Память нахлынула, будто неумолимое и беспощадное цунами. Она уничтожала одну личность, подменяя ее разрозненными картинами прошлого… Наверное, я умерла в тот момент: совершенно исчезло осознание себя, остались только десятилетия чей-то чужой жизни, проносившиеся в сознании, заполняющие собой все его.

И все же… все же, где-то в глубине души я понимала и знала, что все то, что я вижу – это было со мной. Это и была я… Но и не я, в то же время.

Виделось все странно и непостоянно: то будто со стороны, то от первого лица; как будто менялся угол обзора в какой-то компьютерной игре.

Из осколков мозаики под названием "память" мне удалось собрать образ ее-меня – принцессы Миа-Кхель. Странная бледная и печальная, словно сотканная из вечернего сумрака и предрассветных теней – совсем не похожая на то, как должна бы выглядеть наследница народа Первой Зари.
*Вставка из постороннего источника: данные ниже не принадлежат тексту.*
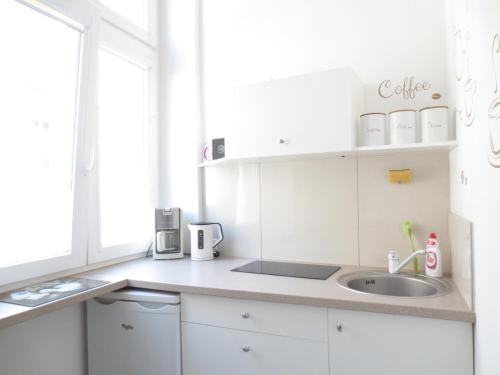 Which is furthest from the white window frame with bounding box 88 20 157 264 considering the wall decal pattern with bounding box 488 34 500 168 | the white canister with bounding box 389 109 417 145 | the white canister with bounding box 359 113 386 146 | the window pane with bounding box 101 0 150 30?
the wall decal pattern with bounding box 488 34 500 168

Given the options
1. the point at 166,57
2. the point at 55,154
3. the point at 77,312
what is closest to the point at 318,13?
the point at 166,57

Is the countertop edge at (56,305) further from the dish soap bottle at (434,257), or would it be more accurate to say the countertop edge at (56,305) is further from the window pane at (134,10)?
the window pane at (134,10)

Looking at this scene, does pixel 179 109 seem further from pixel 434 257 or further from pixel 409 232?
pixel 434 257

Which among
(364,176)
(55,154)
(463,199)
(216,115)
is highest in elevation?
(216,115)

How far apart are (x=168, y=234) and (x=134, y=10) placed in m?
1.57

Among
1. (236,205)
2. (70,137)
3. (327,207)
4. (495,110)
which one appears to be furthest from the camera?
(236,205)

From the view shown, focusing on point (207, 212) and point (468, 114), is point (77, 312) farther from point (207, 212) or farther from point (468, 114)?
point (468, 114)

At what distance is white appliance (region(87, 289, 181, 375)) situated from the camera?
1.68 meters

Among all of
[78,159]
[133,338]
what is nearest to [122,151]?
[78,159]

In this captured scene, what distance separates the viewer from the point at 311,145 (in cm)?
173

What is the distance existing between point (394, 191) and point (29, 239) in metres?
1.85

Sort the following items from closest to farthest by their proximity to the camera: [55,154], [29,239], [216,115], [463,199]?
1. [463,199]
2. [29,239]
3. [55,154]
4. [216,115]

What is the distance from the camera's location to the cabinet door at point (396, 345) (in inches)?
48.4

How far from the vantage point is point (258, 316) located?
152 cm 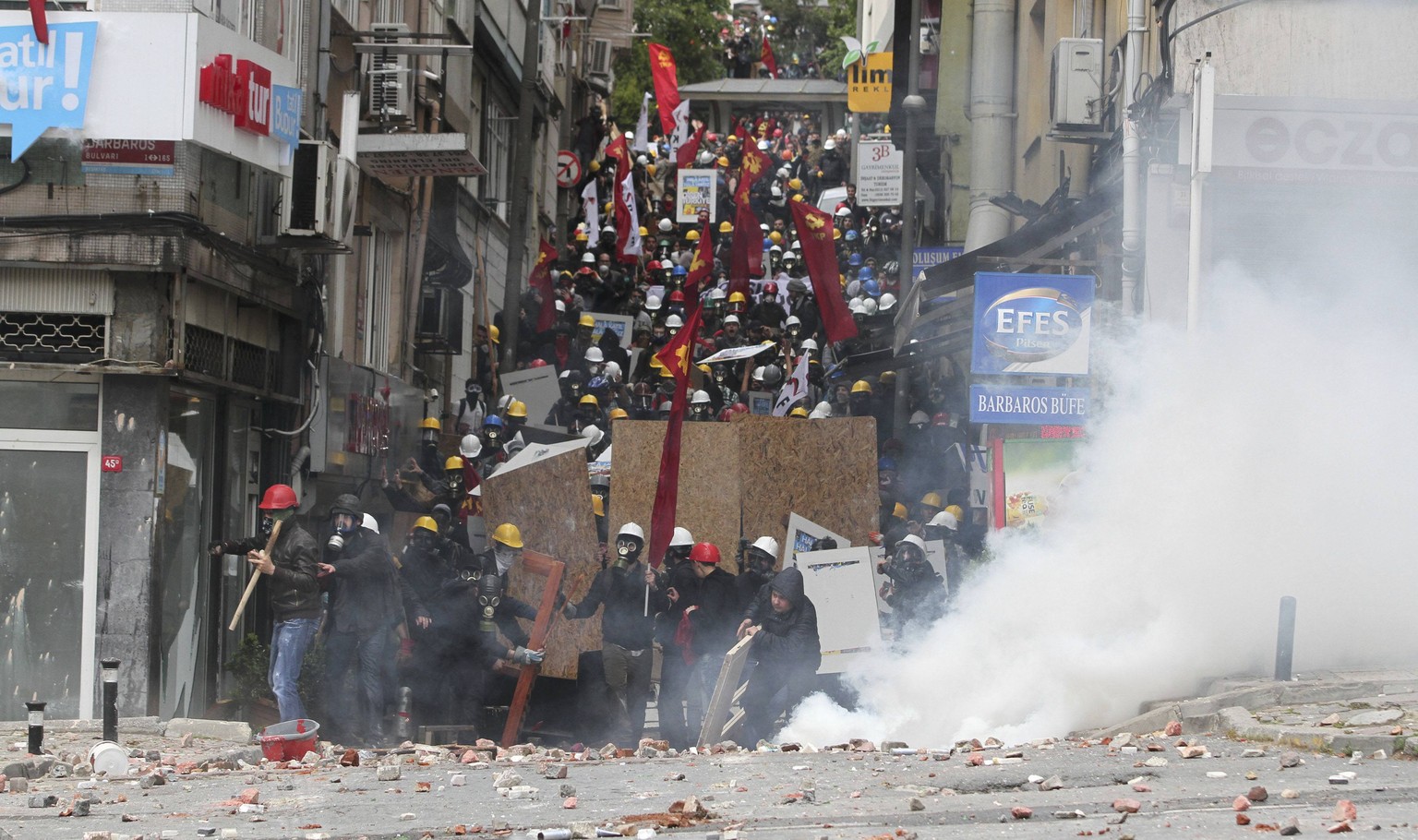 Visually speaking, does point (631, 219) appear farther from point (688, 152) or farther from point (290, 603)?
point (290, 603)

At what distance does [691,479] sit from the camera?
587 inches

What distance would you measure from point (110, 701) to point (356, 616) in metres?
1.96

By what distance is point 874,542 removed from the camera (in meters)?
15.0

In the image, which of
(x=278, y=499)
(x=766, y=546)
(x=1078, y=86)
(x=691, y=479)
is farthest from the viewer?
(x=1078, y=86)

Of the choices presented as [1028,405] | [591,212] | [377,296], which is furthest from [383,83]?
[591,212]

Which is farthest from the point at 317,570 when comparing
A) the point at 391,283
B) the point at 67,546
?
the point at 391,283

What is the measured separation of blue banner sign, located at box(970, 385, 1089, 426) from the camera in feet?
45.5

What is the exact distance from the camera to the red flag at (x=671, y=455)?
12891mm

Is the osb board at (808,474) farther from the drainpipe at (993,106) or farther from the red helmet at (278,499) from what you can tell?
the drainpipe at (993,106)

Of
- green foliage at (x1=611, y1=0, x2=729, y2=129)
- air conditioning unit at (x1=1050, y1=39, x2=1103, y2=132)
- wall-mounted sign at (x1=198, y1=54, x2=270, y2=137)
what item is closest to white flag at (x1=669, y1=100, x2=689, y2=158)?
air conditioning unit at (x1=1050, y1=39, x2=1103, y2=132)

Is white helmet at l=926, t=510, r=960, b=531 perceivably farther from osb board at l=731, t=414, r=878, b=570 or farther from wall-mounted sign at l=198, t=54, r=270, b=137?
wall-mounted sign at l=198, t=54, r=270, b=137

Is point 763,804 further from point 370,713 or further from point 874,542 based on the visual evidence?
point 874,542

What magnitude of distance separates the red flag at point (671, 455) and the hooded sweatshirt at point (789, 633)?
160cm

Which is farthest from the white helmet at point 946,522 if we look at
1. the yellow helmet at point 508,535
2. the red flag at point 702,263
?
the red flag at point 702,263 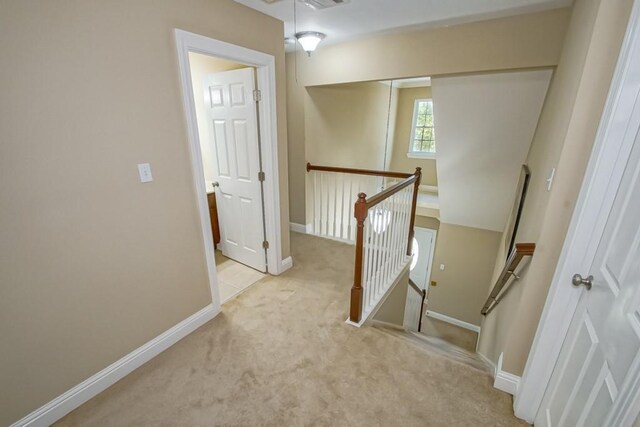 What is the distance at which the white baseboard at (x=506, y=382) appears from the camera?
1.55 m

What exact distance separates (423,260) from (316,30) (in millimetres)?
5078

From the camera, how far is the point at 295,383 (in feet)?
5.39

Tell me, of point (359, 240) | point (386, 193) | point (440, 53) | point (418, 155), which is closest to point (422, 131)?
point (418, 155)

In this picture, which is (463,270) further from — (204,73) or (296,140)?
(204,73)

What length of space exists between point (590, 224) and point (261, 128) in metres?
2.18

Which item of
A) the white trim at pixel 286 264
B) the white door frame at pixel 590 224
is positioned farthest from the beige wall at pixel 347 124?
the white door frame at pixel 590 224

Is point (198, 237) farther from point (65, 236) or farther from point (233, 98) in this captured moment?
point (233, 98)

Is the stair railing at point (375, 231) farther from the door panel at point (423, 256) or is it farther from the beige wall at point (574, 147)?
the door panel at point (423, 256)

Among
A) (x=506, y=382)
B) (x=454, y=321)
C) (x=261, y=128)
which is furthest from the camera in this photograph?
(x=454, y=321)

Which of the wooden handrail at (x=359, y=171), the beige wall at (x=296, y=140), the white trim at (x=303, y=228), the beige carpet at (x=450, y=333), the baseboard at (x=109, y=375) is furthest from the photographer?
the beige carpet at (x=450, y=333)

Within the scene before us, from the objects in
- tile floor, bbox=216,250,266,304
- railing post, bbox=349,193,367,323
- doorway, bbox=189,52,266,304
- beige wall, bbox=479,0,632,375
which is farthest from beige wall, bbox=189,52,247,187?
beige wall, bbox=479,0,632,375

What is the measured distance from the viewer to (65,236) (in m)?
1.35

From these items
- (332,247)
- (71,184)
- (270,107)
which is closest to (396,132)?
(332,247)

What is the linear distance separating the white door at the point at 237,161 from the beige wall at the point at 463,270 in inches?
145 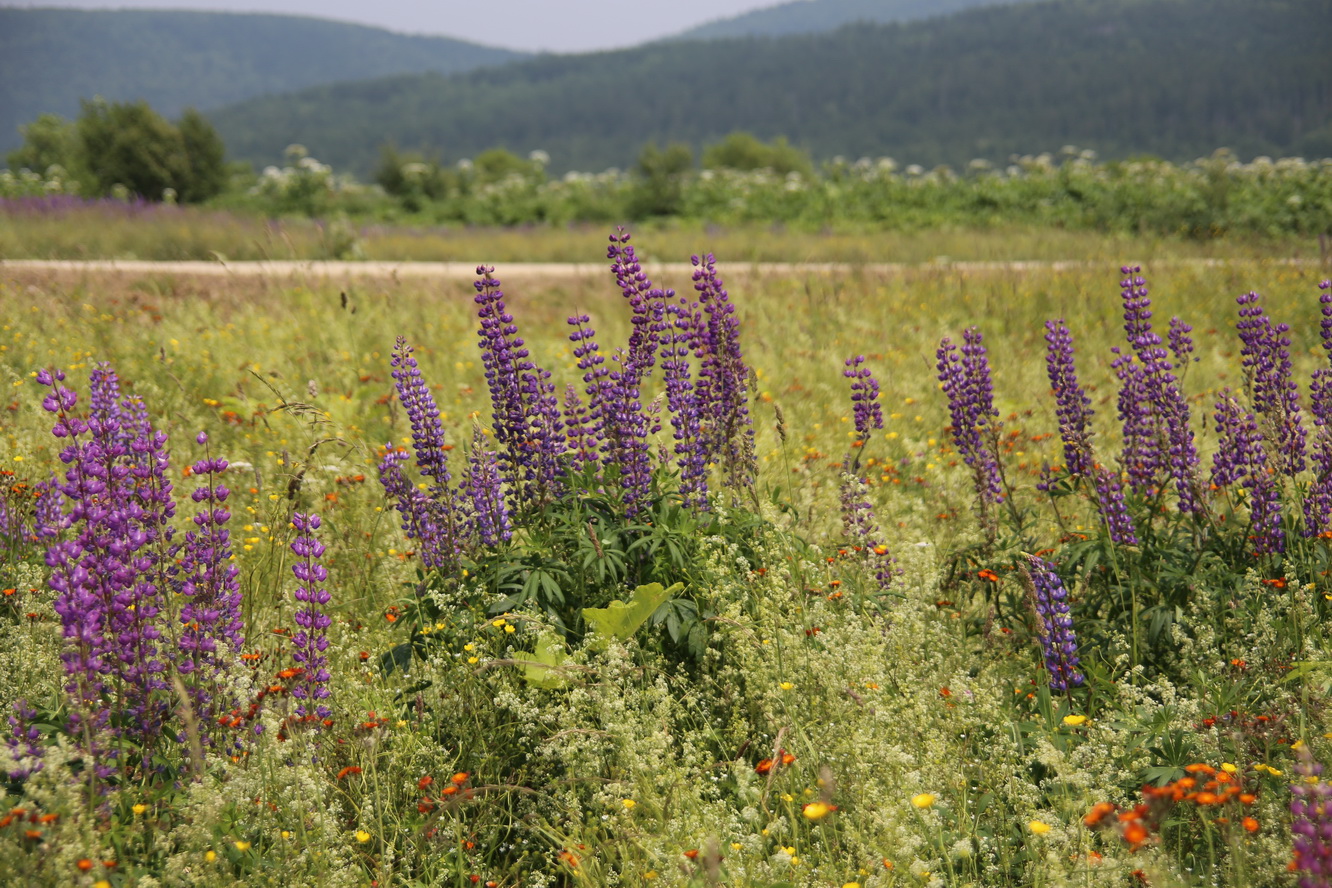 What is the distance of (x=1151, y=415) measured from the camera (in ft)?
11.1

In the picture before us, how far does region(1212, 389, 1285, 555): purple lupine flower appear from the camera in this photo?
2932 mm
И все же, она лучилась каким-то прекрасным светом, исходящим из глубины души. Да, он был немного приглушен печалью той, чьей дом обратился в пыль много сот лет назад… Но тогда в сердцах еще жила надежда, тогда в умах еще не поселилась мрачная обреченность… Тогда тьму связывали только с заходом солнца и не верили, что когда-нибудь она поселится и в них самих.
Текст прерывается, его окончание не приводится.